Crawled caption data
---+---

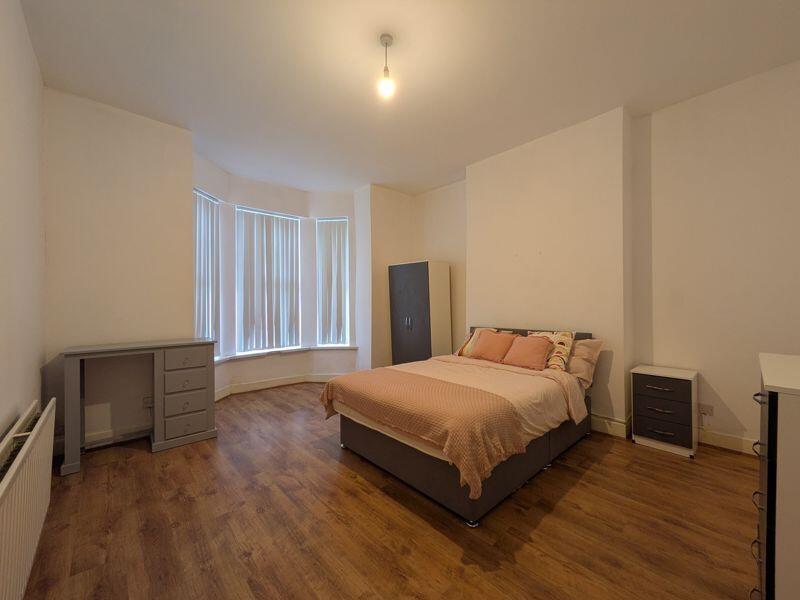 Bright, well-presented bedroom with a bay windo...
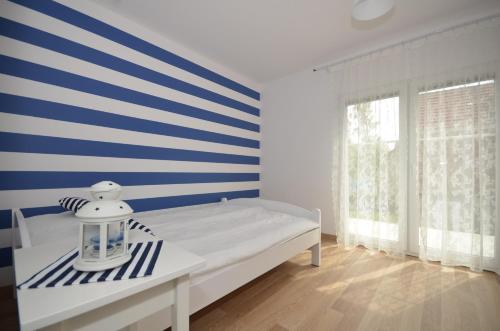 a bedroom with a bed with blue and white stripes at Apartamenty Mariner in Darłówko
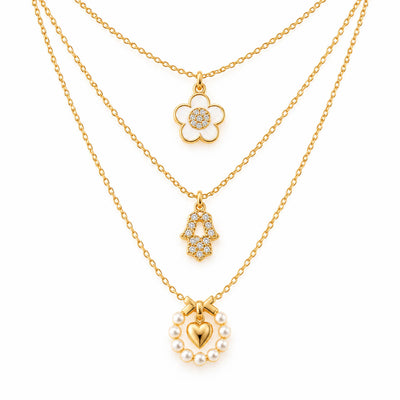 A product photo of a layered gold-tone necklace set featuring a daisy flower pendant with a white enamel outline and crystal center, a rhinestone-paved Hamsa hand charm, and a pearl wreath pendant holding a glossy gold heart beneath a bow.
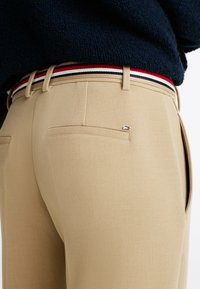 Khaki broek met een gladde structuur, voorzien van een contrasterende gestreepte riem in rood, wit en blauw, en een klein logodetail op de achterzak.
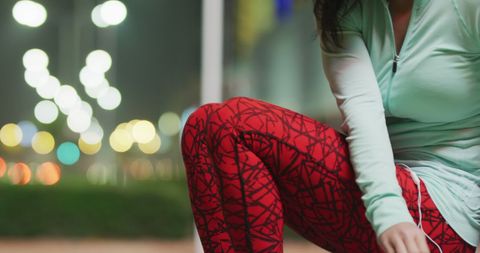 Active Urban Woman Tying Shoes at Night in Stylish Sportswear - Download Free Stock Images Pikwizard.com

---+---

● Exercise: Go through the entries and retype each one exactly, skipping any image.

● Answer for this exercise:
 Bright, well-presented bedroom with a bay windo...
 a bedroom with a bed with blue and white stripes at Apartamenty Mariner in Darłówko
 A product photo of a layered gold-tone necklace set featuring a daisy flower pendant with a white enamel outline and crystal center, a rhinestone-paved Hamsa hand charm, and a pearl wreath pendant holding a glossy gold heart beneath a bow.
 Khaki broek met een gladde structuur, voorzien van een contrasterende gestreepte riem in rood, wit en blauw, en een klein logodetail op de achterzak.
 Active Urban Woman Tying Shoes at Night in Stylish Sportswear - Download Free Stock Images Pikwizard.com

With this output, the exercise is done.